Grigris et Mimi étaient faits pour s’entendre. Ce sont deux cœurs tendres. Et aussi, à leur façon, des parias dans leur quartier de Ndjamena, au Tchad. Lui pour cause de boiterie le condamnant aux petits boulots, mais surtout à la condescendance des autres. Bien que sa patte folle ne l’empêche pas d’être un super danseur et qu’il parvient à faire de son handicap un atout. Elle est aussi une réprouvée, mais à l’inverse, pour trop de beauté. Ne pouvant atteindre son légitime désir de mannequinat, elle continue à se livrer à la prostitution occasionnelle pour améliorer son ordinaire. Ca n’arrange pas sa réputation.
Mais les bons sentiments de Grigris lui font faire des bêtises. Pour trouver l’argent qui permettrait de faire soigner un parent, il n’hésite pas à plonger dans un vilain trafic d’essence, ni à tricher avec les tricheurs. Le danger qui guette le couple, les conduit à se réfugier dans un village de brousse.

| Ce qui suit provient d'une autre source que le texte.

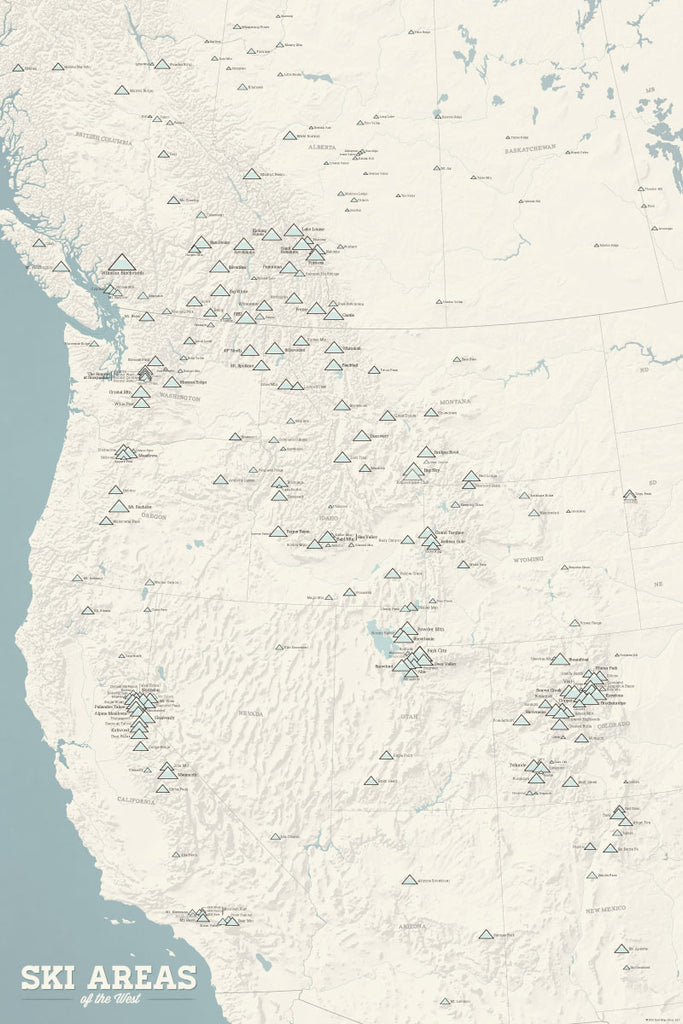 Western Ski Areas Resorts of the West Map Poster - beige & opal blue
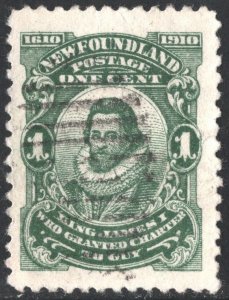 Newfoundland SC#87 1¢ King James I (1910) Used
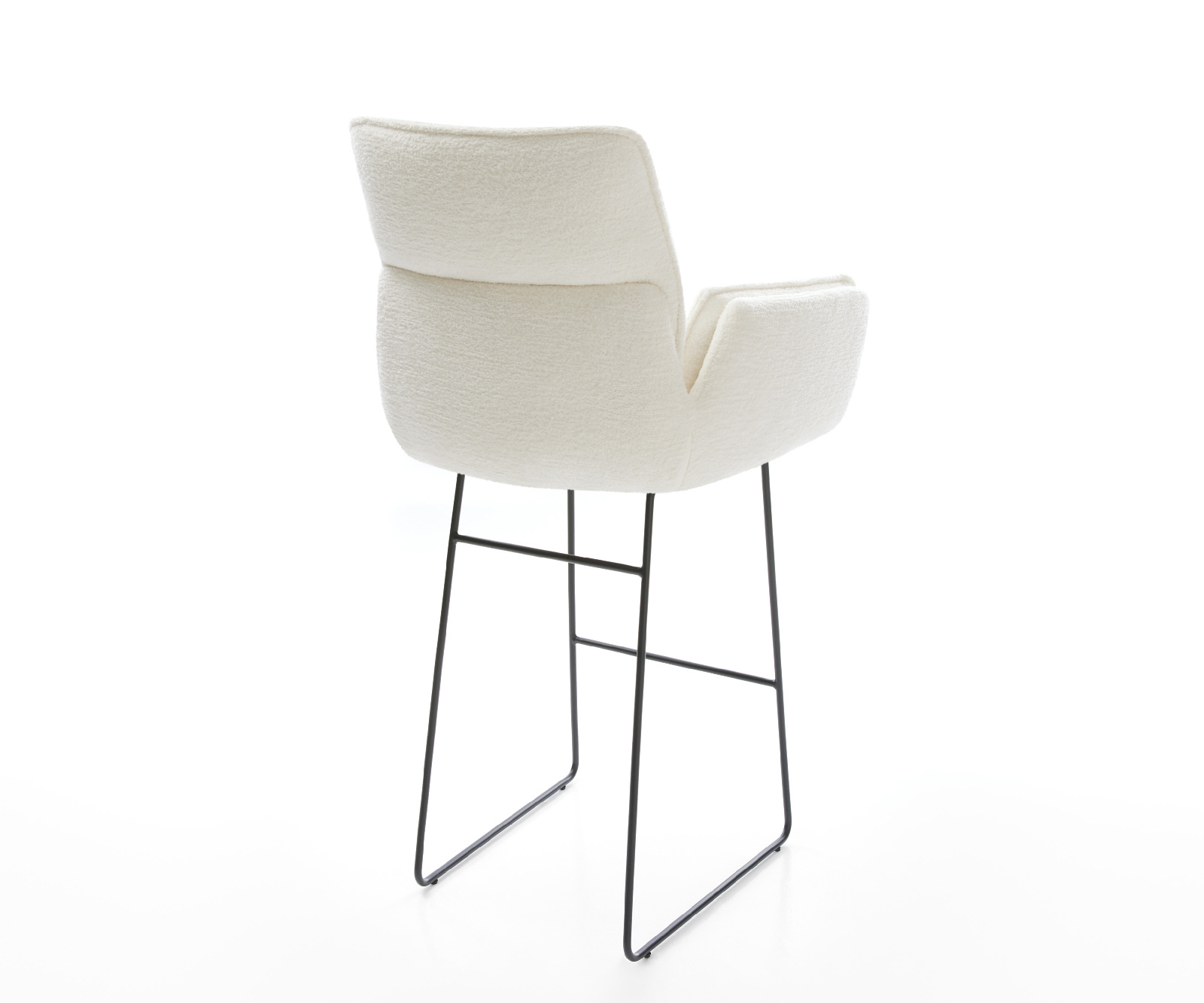 Barová stolička Nela-Flex bouclé mäkký béžová tenká podstava kov čierna - Image 5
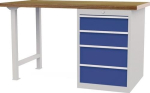 Werkbank 4 x Schubladen Türen B1500xT750xH859mm Buche-Multiplex lichtgrau / signalblau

Après un détour par le polar, le film retourne au docu. Et aux noirceurs de la ville succède la joie d’une communauté ou les valeurs d’hospitalité et de tolérance, sont ici symbolisées par les femmes. Ce qui ne veut pas dire qu’elles se laissent faire… Et pour Grigris et Mimi, ce retour à la brousse, c’est comme une arrivée à la case amour. On sourit à la complicité et l’indolence des mal-aimés. On a craque devant la beauté de certains plans et la liberté de ton du film.